Challenges in Caching
Hotspots Problem
Imagine you are managing a database like IMDb. You might store information about different actors on separate cache servers. For example, one server might handle a lesser-known actor, while another handles someone super popular like TheOne. The problem is that everyone searches for TheOne, so the server hosting this data gets overloaded with traffic.
This is what we call a hotspot. A smarter caching system would not just use a simple method to assign data based on a key. Instead, it would monitor traffic patterns and handle the load more intelligently. For instance, it might dedicate a server just for TheOne’s data or spread his data across multiple servers to balance the load.

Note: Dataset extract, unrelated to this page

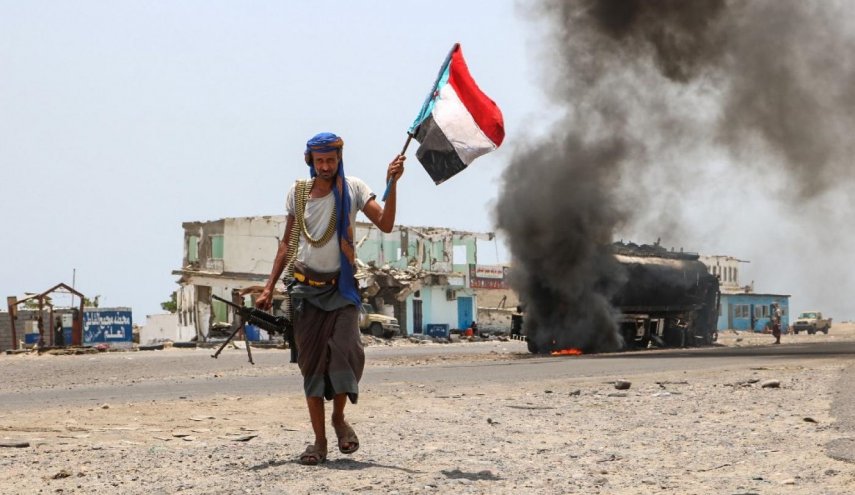 وقفة احتجاجية بالحديدة تنديدا بتصعيد العدوان على المدينة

Hotspots can be a significant issue, and solving them might involve discussing solutions during application design.
Cold-Start Problem
A common issue in caching is the cold-start problem. If your system relies heavily on caching to function, it can face serious trouble when the caching layer is first turned on or needs to restart. When the cache is empty, every request hits the database until the cache is filled. This can overwhelm the database, especially if the traffic is heavy, potentially causing it to crash.
To address this, you need a strategy to handle the cold-start problem. One solution is to warm up the cache before making it available to users. This can involve sending simulated traffic to the cache, such as replaying data from the previous day, to pre-load it. Only make the system live once the cache is fully prepared to handle real traffic. This approach helps prevent overloading the database during the initial stages.
Outline
Here are some outlines from the blog.
- Horizontally distributed caches are a good thing.
- If you have more reads than writes, caching is highly effective.
- Think about your expiration policy, don’t make it too short or too long.
- Address hotspots and the cold-start problem to avoid performance issues.
By addressing these considerations, you can build a highly performant and scalable system using caching technologies.